CVE-2024-2345 is a stored Cross-Site Scripting (XSS) vulnerability classified under CWE-80, found in the FileBird – WordPress Media Library Folders & File Manager plugin developed by ninjateam. This vulnerability exists in all versions up to and including 5.6.3 due to improper neutralization of script-related HTML tags in the folder name parameter. The root cause is insufficient input sanitization and output escaping, which allows an authenticated attacker with author-level or higher privileges to inject arbitrary JavaScript code into folder names. When any user accesses a page displaying the malicious folder name, the injected script executes in their browser context. This can lead to theft of session cookies, unauthorized actions on behalf of users, or further compromise of the WordPress site. The vulnerability requires authentication but no user interaction beyond viewing the affected page. The CVSS v3.1 score of 6.4 reflects a medium severity with network attack vector, low attack complexity, privileges required, no user interaction, and partial impact on confidentiality and integrity but no impact on availability. No public exploits have been reported yet, but the vulnerability is publicly disclosed and should be considered a credible risk. The vulnerability affects a widely used WordPress plugin that organizes media folders, making it relevant for many websites relying on WordPress for content management.

For European organizations, this vulnerability poses a moderate risk primarily to websites using the FileBird plugin for WordPress. Exploitation could allow attackers to execute malicious scripts in the context of legitimate users, potentially leading to session hijacking, unauthorized content changes, or privilege escalation within the WordPress environment. This can compromise the confidentiality and integrity of website data and user information. Organizations with customer-facing websites, intranets, or portals using this plugin may face reputational damage, data leakage, or unauthorized administrative actions. Given the requirement for authenticated access at author level or higher, the threat is more significant in environments where multiple users have elevated permissions or where author accounts are less strictly controlled. The lack of known exploits in the wild reduces immediate risk but does not eliminate the threat, especially as the vulnerability is publicly known. European entities in sectors such as e-commerce, media, education, and government that rely on WordPress and this plugin are particularly at risk. Additionally, GDPR considerations mean that any data breach resulting from exploitation could lead to regulatory penalties.
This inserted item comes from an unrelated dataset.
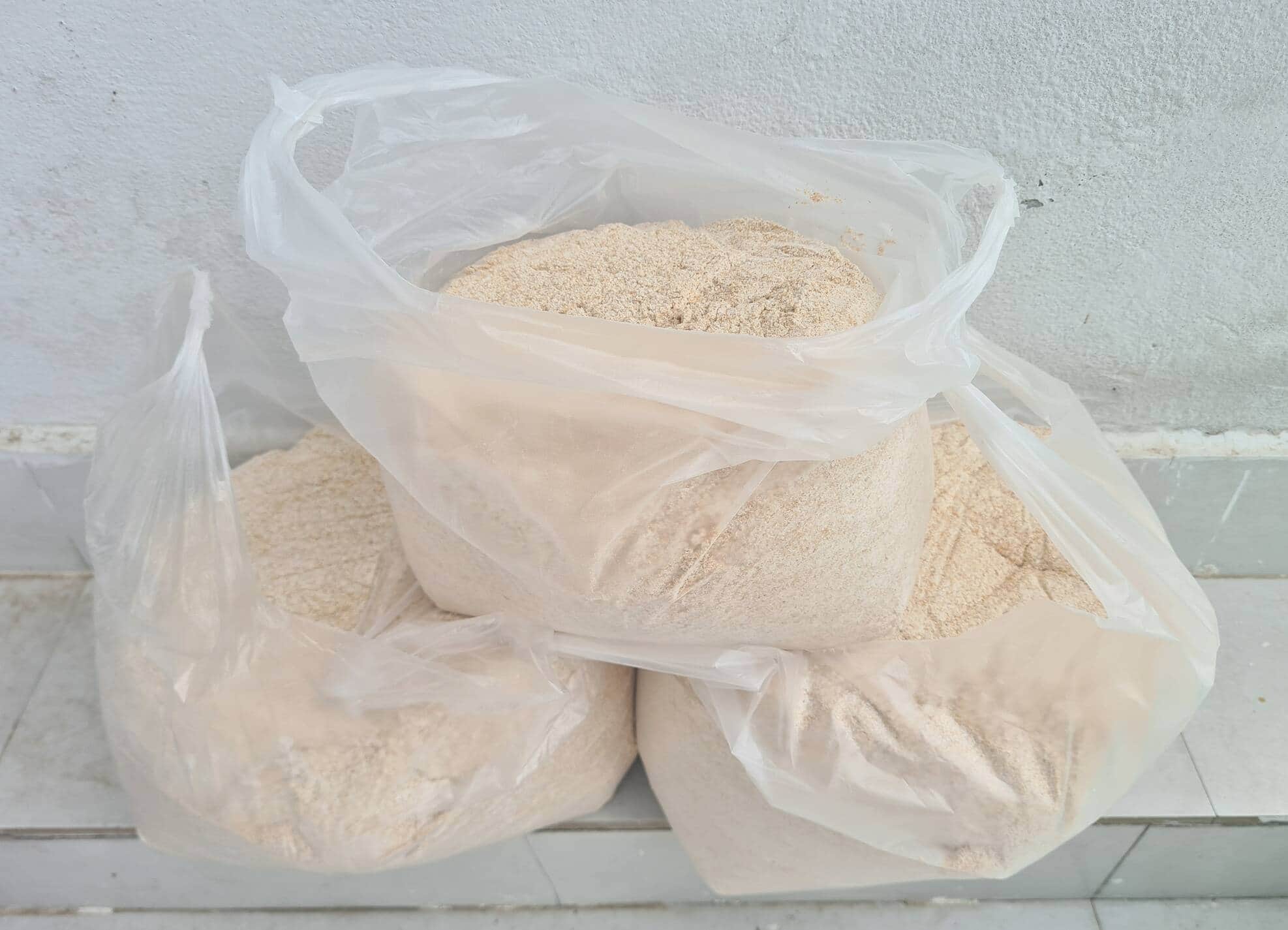 नादौन उपमंडल के तहत सस्ते राशन डिपो के डिपों में मिले आटे में से निकला बुरादा। स्रोत जागरूक पाठ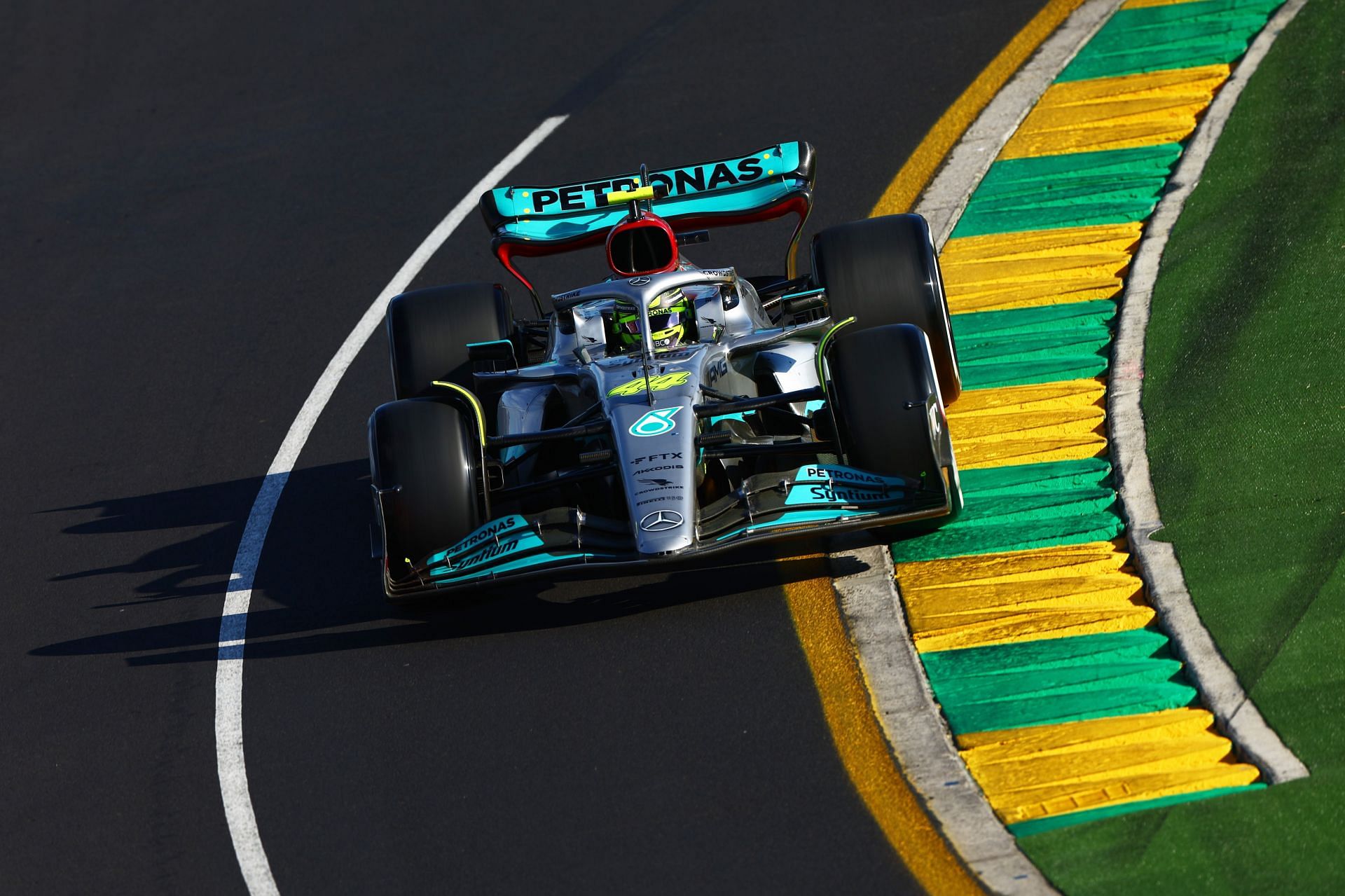 Lewis Hamilton drives the Mercedes W13 around Albert Park during the 2022 F1 Australian GP (Photo by Mark Thompson/Getty Images)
1. Immediately update the FileBird plugin to a patched version once available from the vendor. Monitor ninjateam’s official channels for security updates. 2. Until a patch is released, restrict author-level and higher permissions to trusted users only, minimizing the number of accounts that can exploit this vulnerability. 3. Implement Web Application Firewall (WAF) rules to detect and block suspicious input patterns targeting the folder name parameter. 4. Conduct regular audits of folder names and other user-generated content for suspicious scripts or HTML tags. 5. Employ Content Security Policy (CSP) headers to limit the execution of unauthorized scripts in browsers. 6. Educate site administrators and content authors about the risks of injecting untrusted content and enforce strict input validation policies. 7. Monitor logs for unusual activity or access patterns indicative of exploitation attempts. 8. Consider isolating or sandboxing the WordPress environment to limit the impact of any successful exploit. 9. Review and tighten user role assignments and permissions within WordPress to follow the principle of least privilege. 10. Backup website data regularly to enable quick recovery if compromise occurs.